Best Bets for California Legislation

Statutes, also known as acts or session laws, are legislation as passed by a governing body; they “the law” as it is written.

At the California state level, legislators in the California State Legislature, which is comprised of two houses, the Assembly and Senate, introduce legislative proposals called bills. Each introduced bill is assigned a bill number. A denotes bills that originate in the Assembly and S denotes bills that originate in the Senate.

A bill passed by both houses of the Legislature is then sent to the Governor, who has 12 days to sign the bill into law, veto it, or approve it without a signature. 

In California, session laws are called "chapters" because a bill is "chaptered" by the Secretary of State in chronological order after it is enacted. The Statutes of California is organized by chapter number, but well-known laws are often more commonly known by their bill number.
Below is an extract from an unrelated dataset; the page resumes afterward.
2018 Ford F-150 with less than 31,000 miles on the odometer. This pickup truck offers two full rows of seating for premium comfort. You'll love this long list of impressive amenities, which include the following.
A statutory code is the body of law still in force, arranged by subject (eg Health and Safety Code). California Law consists of 29 codes, covering various subject areas, the State Constitution and Statutes. Note: UCSD does not retain previous editions of the California Code

If you have a citation to a law, you can type it directly into the search box in Westlaw. You can also use Nexis Uni, though you may have to also narrow your search with limits.
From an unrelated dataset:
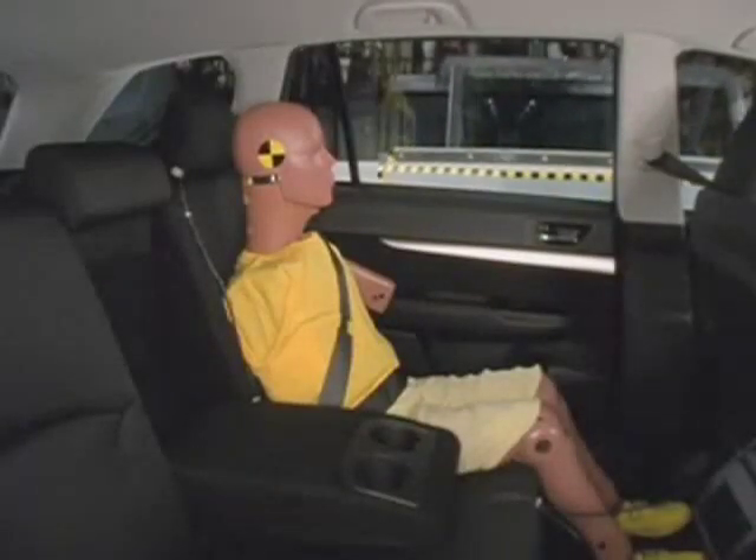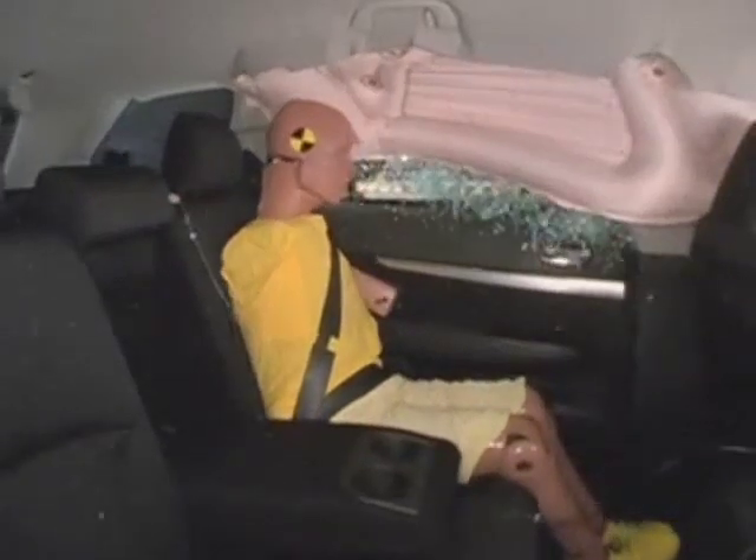The rear passenger is also well protected by standard side curtain airbags that deploy from the roof. For complete safety information on this vehicle, subscribe to ConsumerReports.org.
CalFresh for College Students Act (2022) example:

  • (Bill) SB 641
  • (Statute/Chapter) Stats. 2022, Ch. 874 
  • (Statute/Code) Cal. Welf. & Inst. Code § 18901.11, Cal. Welf. & Inst. Code § 18901.14

Because these standards are mainly for lawyers who are citing a particular point of law, for statutes and regulations, the best practice is to cite the codified (code) version of the law (e.g., the Cal. --- Code § xxx, etc.) unless the law is too new to have been codified, distributed across so many codes, no longer valid, being discussed in the context of its passage, or is otherwise impractical to cite this way. For policy research, you are often citing bills or regulations that have been introduced but not passed/finalized/enacted/enrolled, or else you are citing the final version of the legislation or regulation but not the code.